今回は東京出版の『大学への数学 1対1対応の演習 数学III 曲線・複素数編』を紹介します。特に難関大学受験を考えている受験生にとっては、広く知られている受験参考書になります。今回はこの参考書について話をしたいと思います。
この本の対象となる人
- 大学受験を見据えた学習(数学)をしたい人
- 数学の応用力を身に付けたい人
となります。この本に関しては学校等で一通り数学IA・IIB・IIIの学習を終えている方が良いでしょう。ですので、先取り学習のために使うのにあまり適さないので注意して欲しいところです。また、「ミニ講座」や「コラム」などは発展的な内容も含まれていますので、読める人だけ読むと良いと思います。
どんな本なの?
「大学への数学」執筆者が書いているが、中身は意外と丁寧?
本の出版元は「東京出版」という会社で、「大学への数学」とその関連書籍を出版している会社です。「大学への数学」と聞くと「数学好きが読む本」というイメージを持たれる人も多いかと思いますが、こちらの『1対1対応の演習』シリーズはかなり丁寧に内容が書かれています。

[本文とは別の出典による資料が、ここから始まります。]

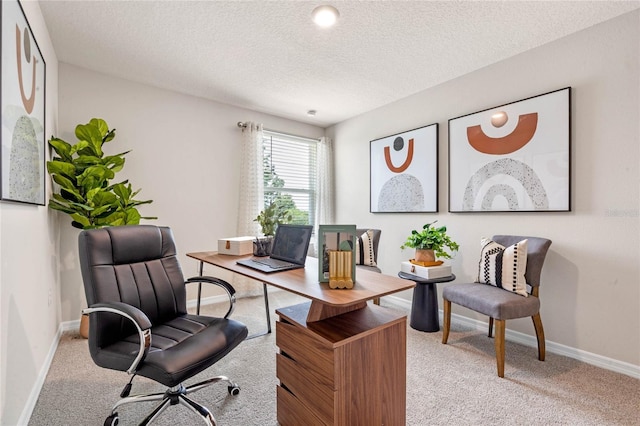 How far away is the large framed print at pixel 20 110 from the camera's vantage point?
132 centimetres

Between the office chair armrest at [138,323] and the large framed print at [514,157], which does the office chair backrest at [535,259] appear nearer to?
the large framed print at [514,157]

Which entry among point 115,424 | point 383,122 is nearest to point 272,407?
point 115,424

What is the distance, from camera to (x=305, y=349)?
138 centimetres

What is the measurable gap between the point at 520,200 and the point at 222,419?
2716mm

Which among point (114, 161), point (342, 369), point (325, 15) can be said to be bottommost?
point (342, 369)

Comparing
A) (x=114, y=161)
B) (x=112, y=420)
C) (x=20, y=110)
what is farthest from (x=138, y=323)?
(x=114, y=161)

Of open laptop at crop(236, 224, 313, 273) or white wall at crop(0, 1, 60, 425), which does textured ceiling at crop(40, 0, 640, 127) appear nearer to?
white wall at crop(0, 1, 60, 425)

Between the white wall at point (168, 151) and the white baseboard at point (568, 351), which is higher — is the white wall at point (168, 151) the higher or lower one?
the higher one

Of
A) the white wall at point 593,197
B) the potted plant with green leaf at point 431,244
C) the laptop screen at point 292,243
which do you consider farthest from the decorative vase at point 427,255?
the laptop screen at point 292,243

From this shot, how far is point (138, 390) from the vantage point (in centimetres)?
189

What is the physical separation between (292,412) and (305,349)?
0.36 m

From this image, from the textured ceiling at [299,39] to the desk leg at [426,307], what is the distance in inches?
81.0

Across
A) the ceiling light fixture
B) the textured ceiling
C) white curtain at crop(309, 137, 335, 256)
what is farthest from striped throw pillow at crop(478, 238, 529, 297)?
white curtain at crop(309, 137, 335, 256)

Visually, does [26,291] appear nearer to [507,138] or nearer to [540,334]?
[540,334] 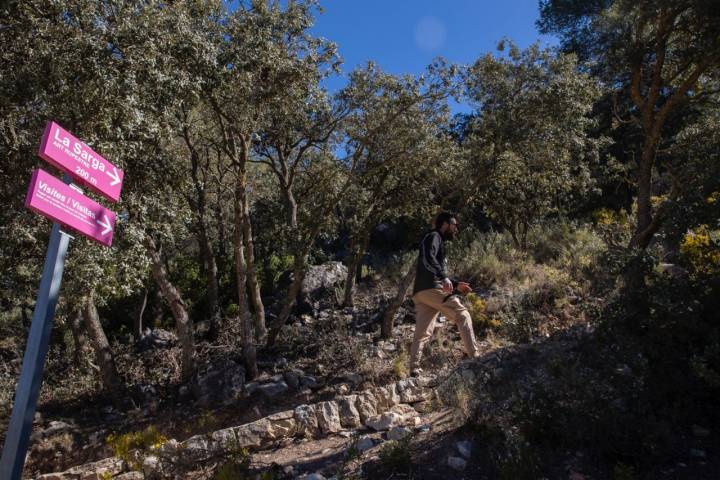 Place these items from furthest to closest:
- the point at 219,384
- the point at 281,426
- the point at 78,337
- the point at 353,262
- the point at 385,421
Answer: the point at 353,262
the point at 78,337
the point at 219,384
the point at 281,426
the point at 385,421

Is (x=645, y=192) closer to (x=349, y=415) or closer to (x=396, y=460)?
(x=349, y=415)

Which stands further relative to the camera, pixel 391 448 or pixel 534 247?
pixel 534 247

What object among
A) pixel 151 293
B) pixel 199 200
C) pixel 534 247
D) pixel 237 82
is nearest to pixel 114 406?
pixel 199 200

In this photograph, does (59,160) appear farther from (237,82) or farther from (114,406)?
(114,406)

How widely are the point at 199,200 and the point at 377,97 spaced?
355 centimetres

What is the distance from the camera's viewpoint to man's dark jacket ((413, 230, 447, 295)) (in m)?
6.44

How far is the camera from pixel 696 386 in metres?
4.33

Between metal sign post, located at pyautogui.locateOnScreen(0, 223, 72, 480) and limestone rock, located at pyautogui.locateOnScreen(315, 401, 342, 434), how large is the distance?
9.85ft

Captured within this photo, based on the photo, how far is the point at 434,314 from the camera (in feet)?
21.9

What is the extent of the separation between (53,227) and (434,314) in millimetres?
4301

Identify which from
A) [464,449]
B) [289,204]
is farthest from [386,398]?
[289,204]

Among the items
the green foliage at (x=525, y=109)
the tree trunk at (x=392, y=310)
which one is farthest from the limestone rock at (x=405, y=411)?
the green foliage at (x=525, y=109)

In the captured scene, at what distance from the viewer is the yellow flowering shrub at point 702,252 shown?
5062mm

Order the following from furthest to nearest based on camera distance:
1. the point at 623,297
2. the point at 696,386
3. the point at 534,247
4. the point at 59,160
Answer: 1. the point at 534,247
2. the point at 623,297
3. the point at 696,386
4. the point at 59,160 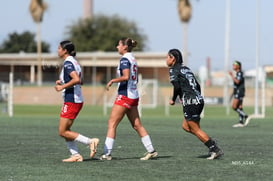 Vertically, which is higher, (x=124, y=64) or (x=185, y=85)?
(x=124, y=64)

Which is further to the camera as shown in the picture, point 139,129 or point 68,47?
point 139,129

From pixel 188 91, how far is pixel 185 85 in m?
0.12

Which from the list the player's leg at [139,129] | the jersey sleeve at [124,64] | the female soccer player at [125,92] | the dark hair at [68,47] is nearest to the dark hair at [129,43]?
the female soccer player at [125,92]

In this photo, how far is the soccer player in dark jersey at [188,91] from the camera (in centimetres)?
1382

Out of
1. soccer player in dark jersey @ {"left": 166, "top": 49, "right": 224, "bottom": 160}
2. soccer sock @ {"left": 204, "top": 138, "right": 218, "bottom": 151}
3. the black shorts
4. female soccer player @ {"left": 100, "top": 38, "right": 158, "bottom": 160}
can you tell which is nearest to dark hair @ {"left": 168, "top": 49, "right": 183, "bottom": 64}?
soccer player in dark jersey @ {"left": 166, "top": 49, "right": 224, "bottom": 160}

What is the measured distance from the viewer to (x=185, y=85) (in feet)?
45.6

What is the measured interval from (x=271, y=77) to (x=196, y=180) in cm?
6095

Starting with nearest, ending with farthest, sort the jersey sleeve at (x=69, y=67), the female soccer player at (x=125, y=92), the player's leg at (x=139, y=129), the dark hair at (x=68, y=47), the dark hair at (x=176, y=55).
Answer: the jersey sleeve at (x=69, y=67) < the dark hair at (x=68, y=47) < the female soccer player at (x=125, y=92) < the player's leg at (x=139, y=129) < the dark hair at (x=176, y=55)

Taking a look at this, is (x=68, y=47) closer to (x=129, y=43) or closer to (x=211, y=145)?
(x=129, y=43)

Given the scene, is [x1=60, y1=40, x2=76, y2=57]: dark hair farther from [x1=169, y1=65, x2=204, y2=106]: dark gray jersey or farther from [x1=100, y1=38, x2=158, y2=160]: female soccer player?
[x1=169, y1=65, x2=204, y2=106]: dark gray jersey

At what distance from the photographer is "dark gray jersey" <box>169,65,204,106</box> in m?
13.8

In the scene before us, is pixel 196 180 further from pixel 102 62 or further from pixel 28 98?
pixel 102 62

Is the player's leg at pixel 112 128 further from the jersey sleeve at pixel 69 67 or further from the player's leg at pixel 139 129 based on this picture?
the jersey sleeve at pixel 69 67

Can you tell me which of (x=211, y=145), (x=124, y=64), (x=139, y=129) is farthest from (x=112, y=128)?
(x=211, y=145) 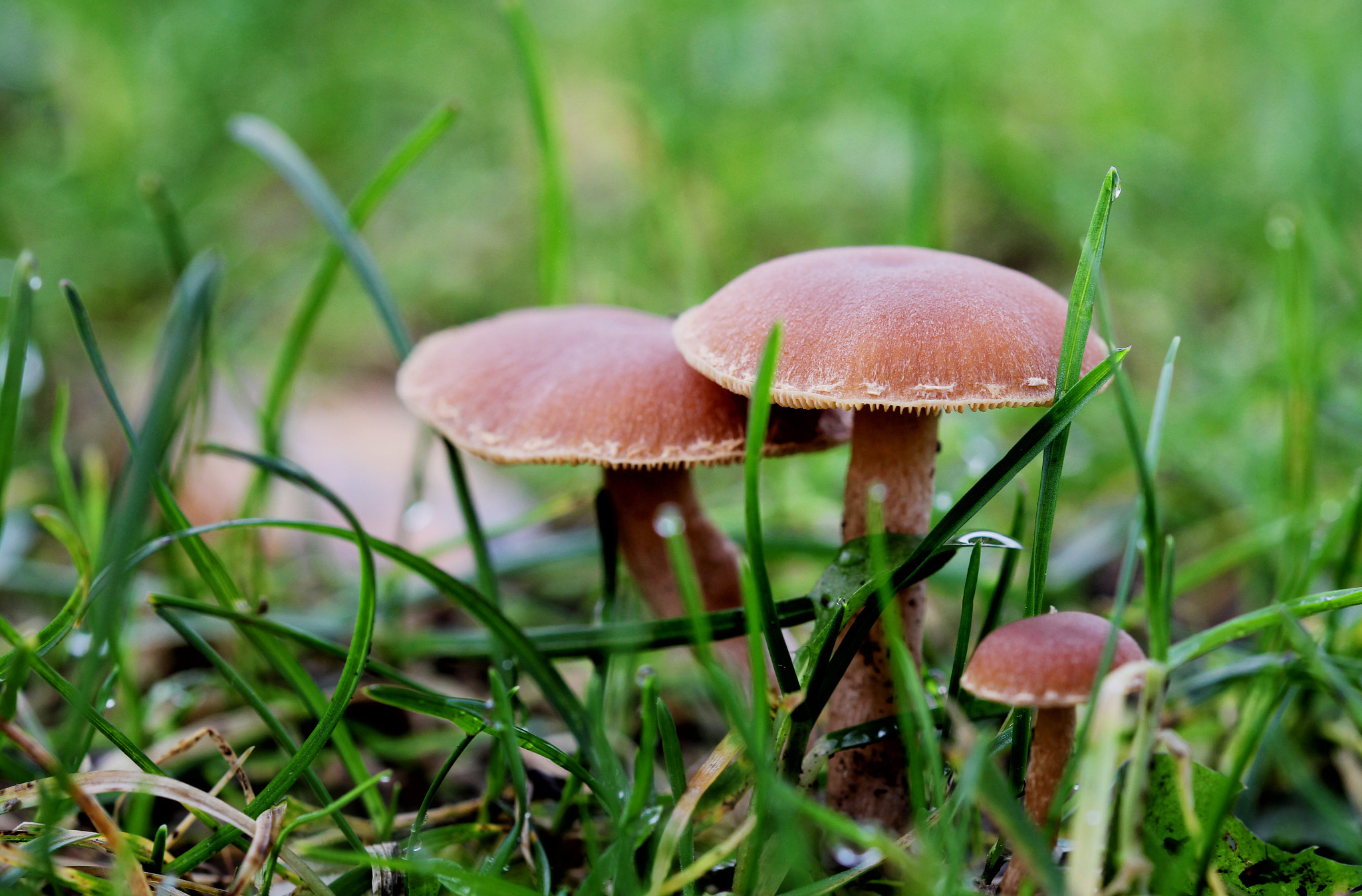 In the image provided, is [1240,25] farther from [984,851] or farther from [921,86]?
[984,851]

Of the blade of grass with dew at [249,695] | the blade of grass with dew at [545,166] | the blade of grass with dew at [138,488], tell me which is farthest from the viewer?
the blade of grass with dew at [545,166]

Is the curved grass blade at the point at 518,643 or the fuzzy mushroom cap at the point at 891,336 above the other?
the fuzzy mushroom cap at the point at 891,336

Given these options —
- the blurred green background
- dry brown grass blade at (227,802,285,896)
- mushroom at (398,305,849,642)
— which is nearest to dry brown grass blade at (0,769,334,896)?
dry brown grass blade at (227,802,285,896)

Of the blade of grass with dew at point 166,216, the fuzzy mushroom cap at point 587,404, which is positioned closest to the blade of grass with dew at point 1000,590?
the fuzzy mushroom cap at point 587,404

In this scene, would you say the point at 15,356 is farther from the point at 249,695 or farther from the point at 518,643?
the point at 518,643

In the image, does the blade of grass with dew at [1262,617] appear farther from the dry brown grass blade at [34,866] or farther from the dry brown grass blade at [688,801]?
→ the dry brown grass blade at [34,866]

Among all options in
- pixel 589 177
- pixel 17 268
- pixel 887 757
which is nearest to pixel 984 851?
pixel 887 757

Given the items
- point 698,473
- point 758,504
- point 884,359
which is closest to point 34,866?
point 758,504
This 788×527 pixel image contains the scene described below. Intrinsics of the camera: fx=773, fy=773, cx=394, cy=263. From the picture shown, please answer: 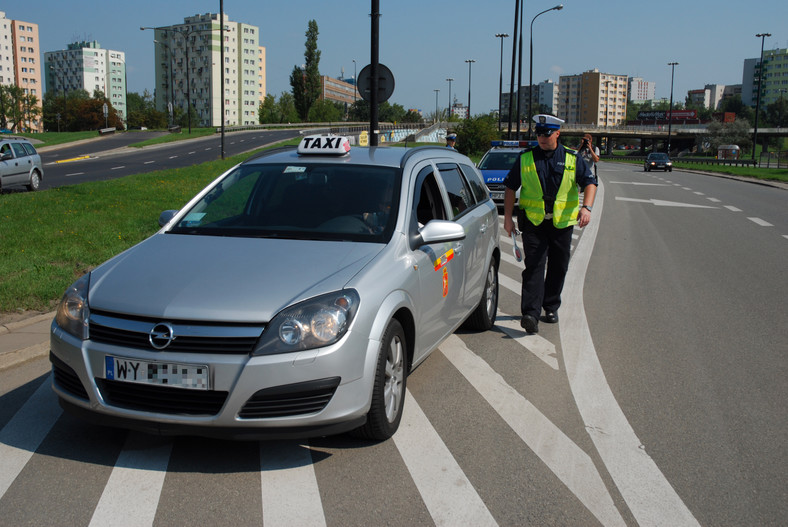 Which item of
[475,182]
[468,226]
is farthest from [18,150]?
[468,226]

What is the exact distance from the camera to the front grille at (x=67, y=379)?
392 centimetres

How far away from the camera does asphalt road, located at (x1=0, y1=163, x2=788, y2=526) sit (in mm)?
3523

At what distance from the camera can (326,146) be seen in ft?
18.2

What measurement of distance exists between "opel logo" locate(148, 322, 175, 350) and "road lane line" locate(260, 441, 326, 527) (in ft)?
2.72

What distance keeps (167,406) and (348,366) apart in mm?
897

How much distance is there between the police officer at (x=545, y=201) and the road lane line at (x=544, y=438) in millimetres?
1084

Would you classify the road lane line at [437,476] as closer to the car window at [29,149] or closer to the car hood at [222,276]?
the car hood at [222,276]

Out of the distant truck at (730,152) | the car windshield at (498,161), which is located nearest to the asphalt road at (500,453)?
the car windshield at (498,161)

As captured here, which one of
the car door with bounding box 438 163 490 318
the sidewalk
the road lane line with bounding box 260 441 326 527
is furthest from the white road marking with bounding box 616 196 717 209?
the road lane line with bounding box 260 441 326 527

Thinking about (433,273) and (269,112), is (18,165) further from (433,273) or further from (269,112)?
(269,112)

本の構成としては単元ごとに4つの章(そのうち一つは数IIIの総合問題)に分けて解説されており、それを理解するための例題の解説も比較的丁寧に書かれております。数学IA・IIB・IIIの学習が一通り終えていることを前提としておりますが、「要点の整理」のページで問題を解くために必要な定義、用語、定理、必須事項がコンパクトにまとめられています。
重要な概念や手法などが詳しく説明されている
各テーマでは教科書の重要事項や入試で必須の項目だけでなく、是非とも身につけておきたい手法や発展的な内容なども詳しく解説されています。なので、難関大学受験者には特に参考になるかと思います。
インプットとアウトプットのハイブリット型
概念の説明や手法の解説は例題で行われており、その確認のために演習題が1題ずつ用意されています。各例題ごとで理解したことを演習題でアウトプットようにすると良いと思います。なお、演習題はそれに対応する例題よりもやや難しい問題となっているので、なかなか解けなくても焦る必要はありません。じっくり取り組んで欲しいと思います。
個人的におススメな使い方
例題に書いてある手法の理解に徹する
本書では36の例題と50の演習問題が用意され、どれも入試問題の基礎~標準の難易度となっております。これらの例題は
- これからも出題されると思われる典型問題
- 一度は解いておきたい必須問題
- 幅広い応用が利く汎用問題
- 合否への影響が大きい決定問題
のどれかです。それらが精選されているので、まずはこの36題の理解と解法の定着を優先することが、難関大学受験の準備になるかと思います。そのうえで、数IIIの総合問題の演習に取り組むと良いでしょう。
拾い読みから始めるのもOK
この本の中には発展的な内容や一つのテーマを深堀したものも含まれていますので、「すべてを完璧にという姿勢だとちょっと大変」という方もいらっしゃると思います。そういった場合は、各例題の中から「理解して使ってみたい」と思うところを中心に拾い読みするのも良いと思います。「一から順々に」という読み方が必ずしも正解とは限りません。
意欲的な人は「ミニ講座」を読んでみる
本書の所々に「ミニ講座」と題されたコラムがあります。これは一つの問題(テーマ)に焦点を当てて、詳しく解説された記事です。普段の学習の中ではなかなか触れられないようなことも書いてあるので、より詳しく学習したい人には非常におススメです。
以上のことを踏まえてこの本の興味を持たれた方はぜひ一度本書を手に取ってみてください。